━━━ Data provided ━━━
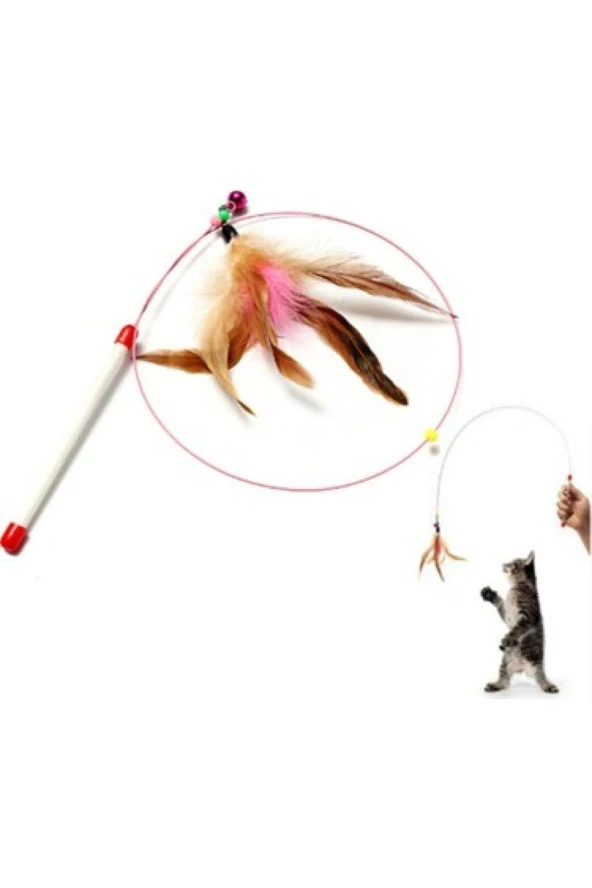 Kedi Oltası Kedi Oyuncak - Resim 2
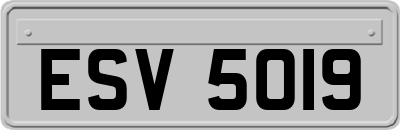 ESV5019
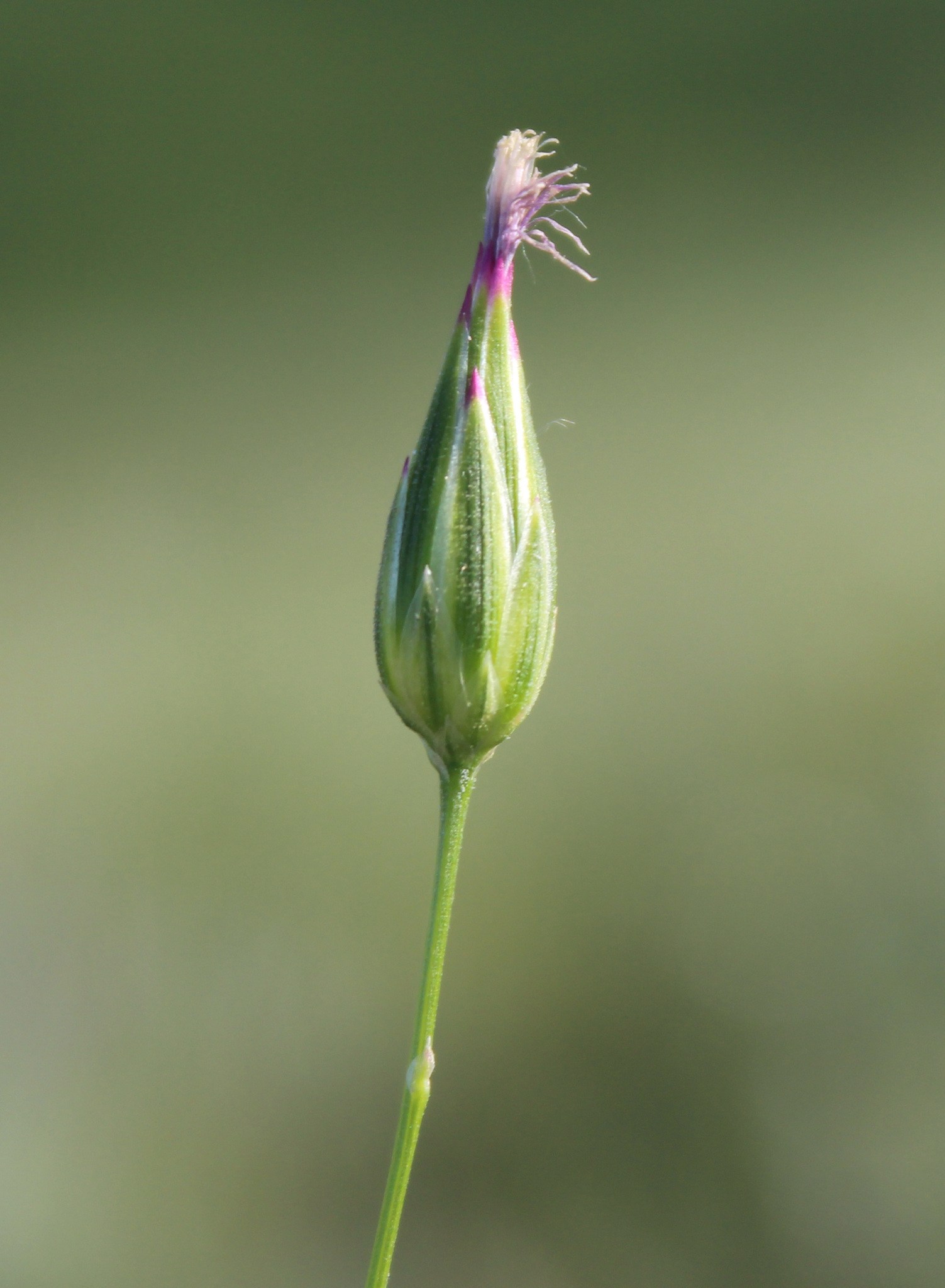 Crupina vulgaris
━━━
What the task asks – Leave the pictures out and output all of the data verbatim.

Exercise answer –
 Kedi Oltası Kedi Oyuncak - Resim 2
 ESV5019
 Crupina vulgaris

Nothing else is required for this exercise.